Non intende tornare nel giro, sa che gli sarebbe fatale, e così ha un solo obiettivo: rilevare un noleggio auto alle Bahamas e godersi al sole il resto della vita in pace. Ma, parafrasando John Lennon: la vita è quello che ti capita mentre fai altri progetti…

Nel cast anche un grandissimo Sean Penn e una brava Penelope Ann Miller, ma soprattutto una strepitosa ambientazione, con relativa stellare colonna sonora, nella New York dei luccicanti anni Settanta.

Indimenticabile.

“Che strano chiamarsi Federico” di Ettore Scola

(Italia, 2013)

Il grande Ettore Scola firma un imperdibile e intimo ritratto di quello che è stato uno dei più grandi autori cinematografici del Novecento, nonché suo amico, Federico Fellini.

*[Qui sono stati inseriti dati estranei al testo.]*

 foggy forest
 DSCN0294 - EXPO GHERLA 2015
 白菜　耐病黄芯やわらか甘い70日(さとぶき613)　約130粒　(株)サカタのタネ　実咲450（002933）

I rispettivi nipoti dei due grandi registi impersonano i giovani cineasti che si conobbero nella redazione della rivista “Marc’Aurelio”, a ridosso della Seconda Guerra Mondiale, fucina dei più grandi autori comici e satirici italiani dell’epoca come Ruggero Maccari, Marcello Marchesi, Stefano Vanzina, Vittorio Metz, Age e Furio Scarpelli, tanto per dirne alcuni.

Il film ripercorrere la loro amicizia fatta anche di notti passate in automobile nel ventre di Roma oltre che dietro la macchina da presa.

Il tutto ricostruito nel mitico Teatro 5 di Cinecittà, luogo nel quale Fellini giro’ quasi tutti i suoi film, costruendo set indimenticabili, e dove infine gli venne allestita la camera ardente.

Ma bando alla commozione, Fellini – e questo lo raccontano tutti coloro che ebbero la fortuna di conoscerlo – non era affatto un “bravo ragazzo”: per lui la bugia era arte.

E così Scola lo ricorda come un anziano Pinocchio sempre in fuga dai Carabinieri…

Da vedere.

“Il ragazzo selvaggio” di François Truffaut

(Francia, 1970)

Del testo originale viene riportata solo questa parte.